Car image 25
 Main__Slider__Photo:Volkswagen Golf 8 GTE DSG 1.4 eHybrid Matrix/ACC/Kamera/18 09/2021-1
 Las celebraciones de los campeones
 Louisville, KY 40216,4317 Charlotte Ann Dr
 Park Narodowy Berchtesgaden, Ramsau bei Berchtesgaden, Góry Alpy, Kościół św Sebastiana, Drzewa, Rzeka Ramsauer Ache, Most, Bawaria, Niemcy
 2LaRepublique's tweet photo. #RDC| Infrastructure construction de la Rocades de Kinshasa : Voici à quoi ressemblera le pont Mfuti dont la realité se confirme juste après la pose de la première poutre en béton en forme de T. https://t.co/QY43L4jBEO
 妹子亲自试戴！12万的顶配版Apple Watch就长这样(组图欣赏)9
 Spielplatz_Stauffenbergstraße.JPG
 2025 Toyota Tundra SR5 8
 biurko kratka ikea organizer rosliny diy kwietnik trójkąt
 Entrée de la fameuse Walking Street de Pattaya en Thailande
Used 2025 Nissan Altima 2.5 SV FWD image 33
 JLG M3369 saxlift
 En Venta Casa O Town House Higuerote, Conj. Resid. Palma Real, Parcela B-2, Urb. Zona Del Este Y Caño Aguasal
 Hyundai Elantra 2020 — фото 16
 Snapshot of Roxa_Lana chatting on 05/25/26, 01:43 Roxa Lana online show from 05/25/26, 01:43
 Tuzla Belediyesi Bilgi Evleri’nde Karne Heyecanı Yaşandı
━━━
# WORK ITEM
For the lines above, output exactly those from the line containing "Park Narodowy Berchtesgaden, Ramsau" through the line containing "2025 Toyota Tundra SR5 8", and skip the others.

# RESPONSE BOX
 Park Narodowy Berchtesgaden, Ramsau bei Berchtesgaden, Góry Alpy, Kościół św Sebastiana, Drzewa, Rzeka Ramsauer Ache, Most, Bawaria, Niemcy
 2LaRepublique's tweet photo. #RDC| Infrastructure construction de la Rocades de Kinshasa : Voici à quoi ressemblera le pont Mfuti dont la realité se confirme juste après la pose de la première poutre en béton en forme de T. https://t.co/QY43L4jBEO
 妹子亲自试戴！12万的顶配版Apple Watch就长这样(组图欣赏)9
 Spielplatz_Stauffenbergstraße.JPG
 2025 Toyota Tundra SR5 8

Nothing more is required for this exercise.